• _Data provided_:

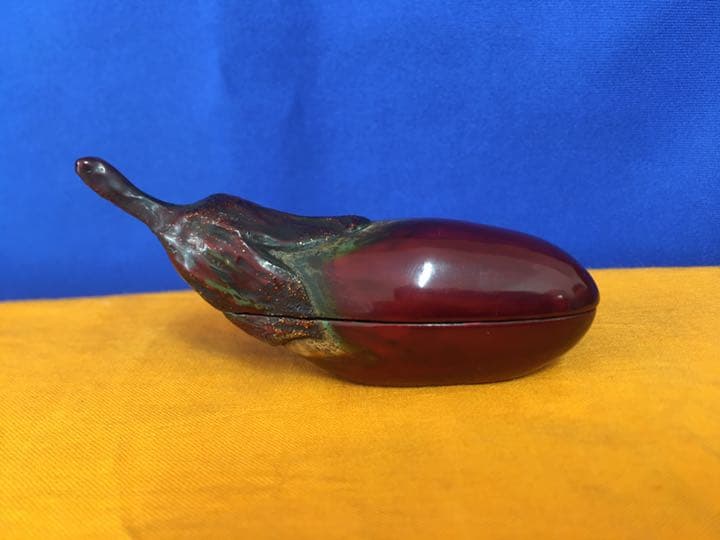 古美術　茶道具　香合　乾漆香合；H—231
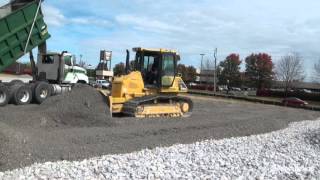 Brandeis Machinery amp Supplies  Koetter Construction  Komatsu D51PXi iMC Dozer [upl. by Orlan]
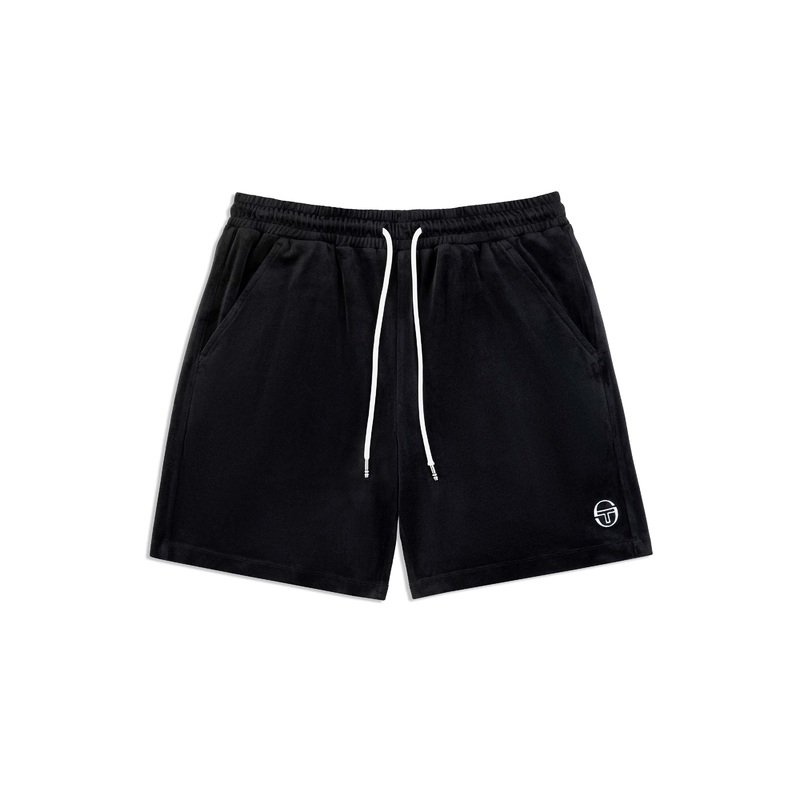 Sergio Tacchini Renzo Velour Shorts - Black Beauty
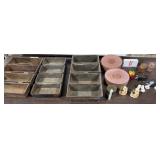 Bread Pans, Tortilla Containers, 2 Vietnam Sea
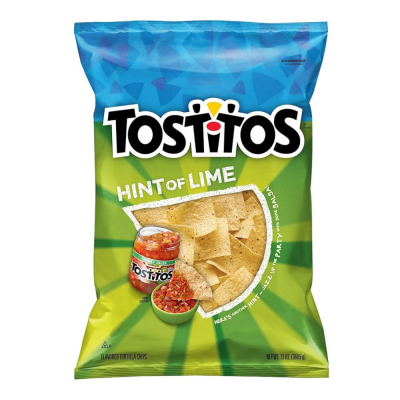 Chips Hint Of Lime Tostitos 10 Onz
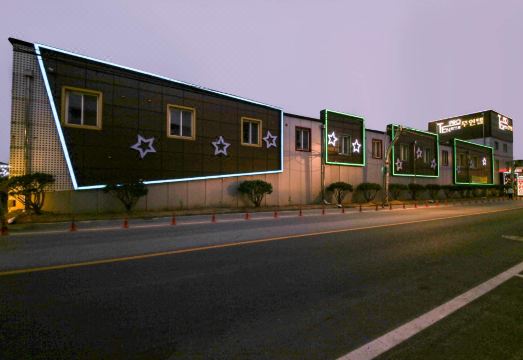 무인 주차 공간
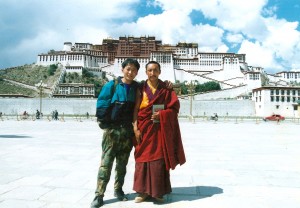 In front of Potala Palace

• _Exercise prompt_:
Omit the pictures. Write out exactly the lines from the one containing "Brandeis Machinery amp" through the last line of the entries, both of them included.

• _Exercise output_:
 Brandeis Machinery amp Supplies  Koetter Construction  Komatsu D51PXi iMC Dozer [upl. by Orlan]
 Sergio Tacchini Renzo Velour Shorts - Black Beauty
 Bread Pans, Tortilla Containers, 2 Vietnam Sea
 Chips Hint Of Lime Tostitos 10 Onz
 무인 주차 공간
 In front of Potala Palace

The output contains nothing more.